%%

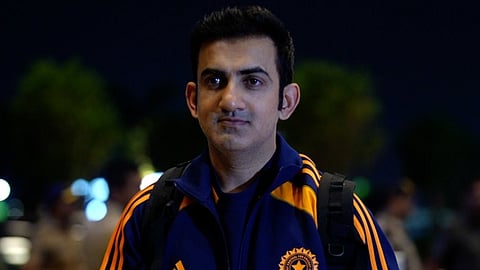 Gambhir to rejoin squad in England
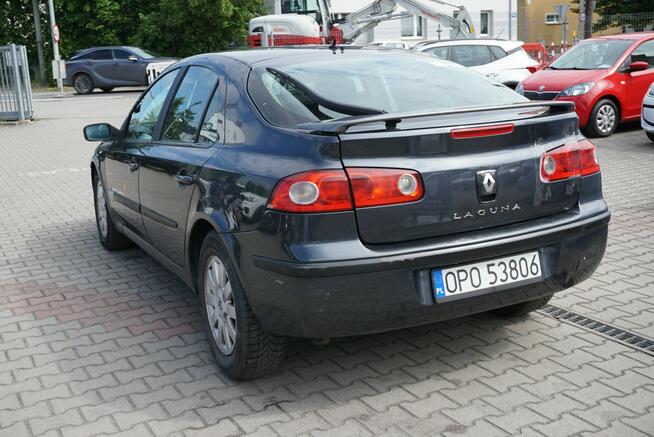 Renault Laguna zarejestrowany, ubezpieczony Opole - zdjęcie 6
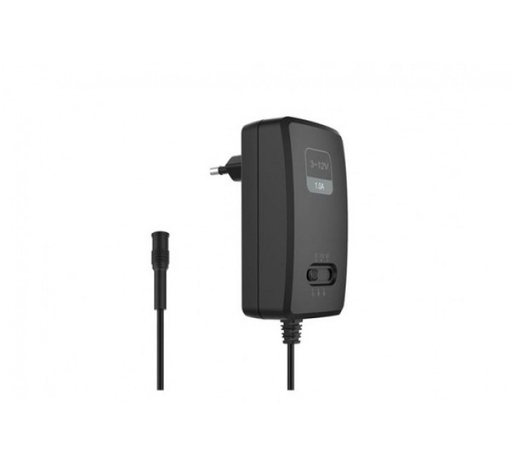 [1902523] Alimentation multi-tension 12 W - 3 à 12 V
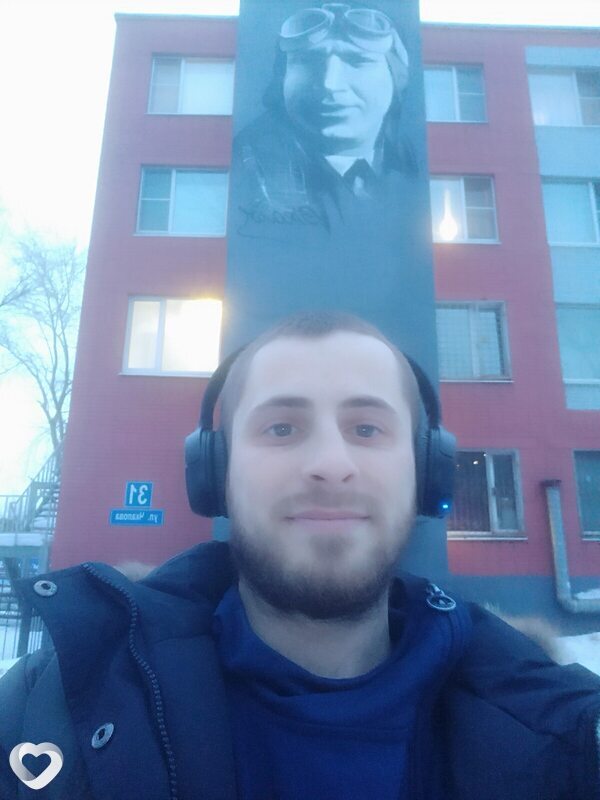 Макс, 33, Москве — анкета №1101712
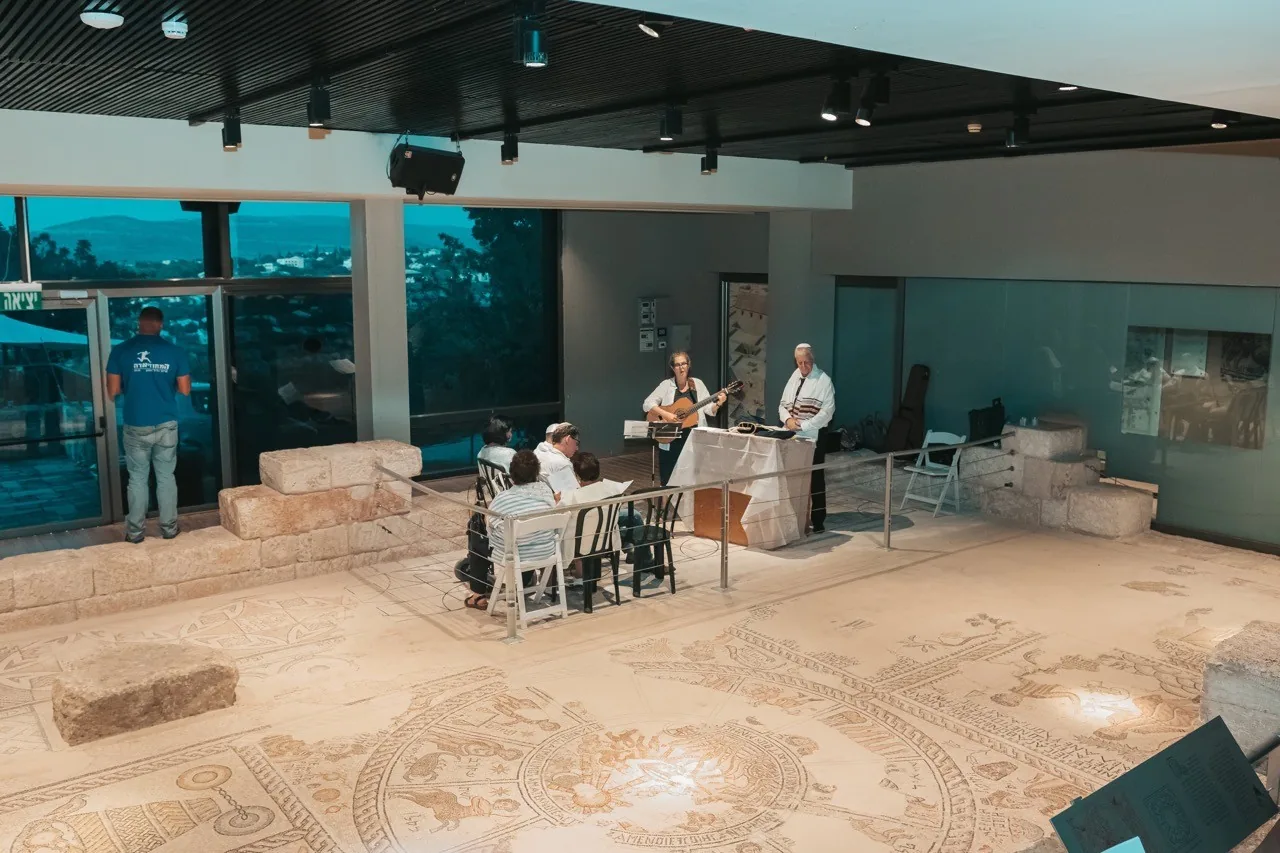 צילום בר מצווה בציפורי - רגע מהאירוע (13)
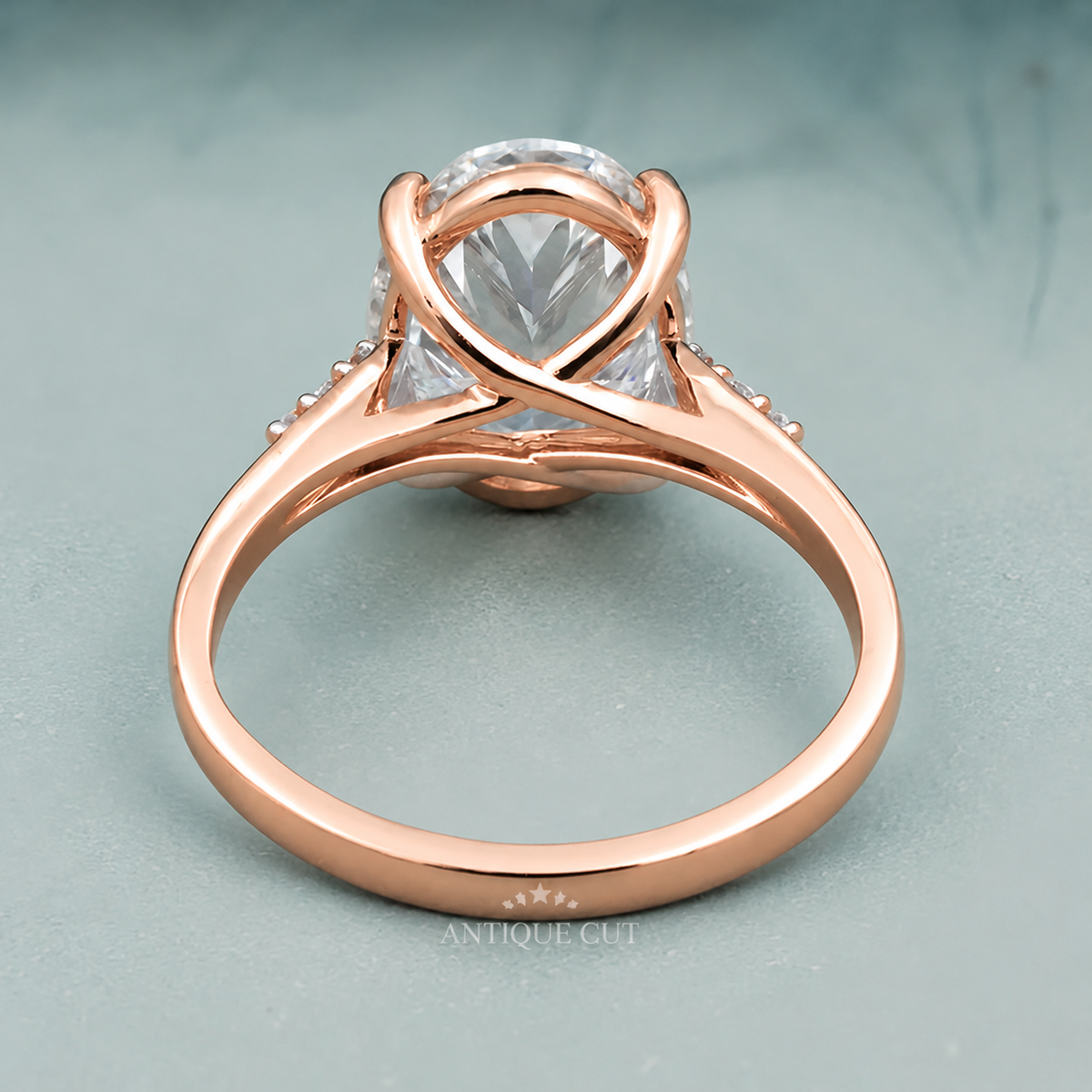 10k Rose Gold, 14k Rose Gold, 18k Rose Gold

%%

### EXERCISE AIM
All of the data gets printed again exactly; the pictures do not.

### RESPONSE BOX
 Gambhir to rejoin squad in England
 Renault Laguna zarejestrowany, ubezpieczony Opole - zdjęcie 6
 [1902523] Alimentation multi-tension 12 W - 3 à 12 V
 Макс, 33, Москве — анкета №1101712
 צילום בר מצווה בציפורי - רגע מהאירוע (13)
 10k Rose Gold, 14k Rose Gold, 18k Rose Gold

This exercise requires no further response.